In a heartfelt revelation, actor Colin Farrell shared why he and his former partner, Kim Bordenave, have chosen to place their 21-year-old son James—who lives with Angelman syndrome—in a long-term care facility. From the start, Colin Farrell son Angelman syndrome journey has been one marked by dedication, compassion, and deep parental concern.
James was initially misdiagnosed with cerebral palsy after missing key developmental milestones in infancy, such as sitting up or crawling. However, further evaluations revealed he actually had Angelman syndrome, a rare genetic condition affecting the nervous system, which leads to both cognitive and physical challenges.
Reflecting on their decision, Colin explained, “It’s tough. Some parents want to be the sole caregivers. I respect that. But my biggest fear is, what if something happens to Kim and me? Then James could become a ward of the state—with no voice in where he ends up.”
Instead, they are searching for a facility now, while they are healthy and involved, to ensure James can feel supported, safe, and loved. “We want him in a place where he can thrive, and where we can still visit, take him out, and stay a part of his life,” Colin said.
Colin Farrell Son Angelman Syndrome: From Diagnosis to Daily Triumphs
The Colin Farrell son Angelman syndrome journey began when James was about a year and a half old and still hadn’t reached basic milestones. A doctor eventually recognized key indicators—like sudden bursts of laughter and hand-waving—and suggested testing for Angelman syndrome. Upon confirmation, Farrell’s first concerns were about pain and life expectancy. He was relieved to hear the condition does not typically cause pain and doesn’t shorten lifespan.
James is nonverbal and relies on round-the-clock assistance for daily tasks like eating and dressing.
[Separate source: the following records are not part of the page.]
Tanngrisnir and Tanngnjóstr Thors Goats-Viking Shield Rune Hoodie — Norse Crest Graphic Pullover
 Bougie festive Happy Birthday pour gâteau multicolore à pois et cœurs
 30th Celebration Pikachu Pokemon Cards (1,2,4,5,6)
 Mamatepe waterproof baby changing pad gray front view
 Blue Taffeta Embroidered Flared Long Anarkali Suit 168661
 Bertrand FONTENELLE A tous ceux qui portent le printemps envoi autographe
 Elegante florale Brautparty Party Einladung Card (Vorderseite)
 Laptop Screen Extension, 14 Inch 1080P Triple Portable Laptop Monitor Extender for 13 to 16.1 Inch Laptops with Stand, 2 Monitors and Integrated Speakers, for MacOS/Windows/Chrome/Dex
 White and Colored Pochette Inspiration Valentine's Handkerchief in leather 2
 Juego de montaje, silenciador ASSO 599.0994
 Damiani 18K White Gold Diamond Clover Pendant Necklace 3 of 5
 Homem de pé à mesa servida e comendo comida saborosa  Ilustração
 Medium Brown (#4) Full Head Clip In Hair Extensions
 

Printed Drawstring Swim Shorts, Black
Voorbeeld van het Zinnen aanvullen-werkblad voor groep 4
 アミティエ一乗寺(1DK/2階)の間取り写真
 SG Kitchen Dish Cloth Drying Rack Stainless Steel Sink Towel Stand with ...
Despite these hurdles, he’s made remarkable progress. “He started feeding himself at 19, and although it was messy at first, he does it beautifully now,” Colin said proudly.
He also shared a poignant memory: watching James take his first steps at nearly four years old. “The determination on his face… I just broke down in tears,” Colin recalled. “It was one of the most powerful moments of my life.”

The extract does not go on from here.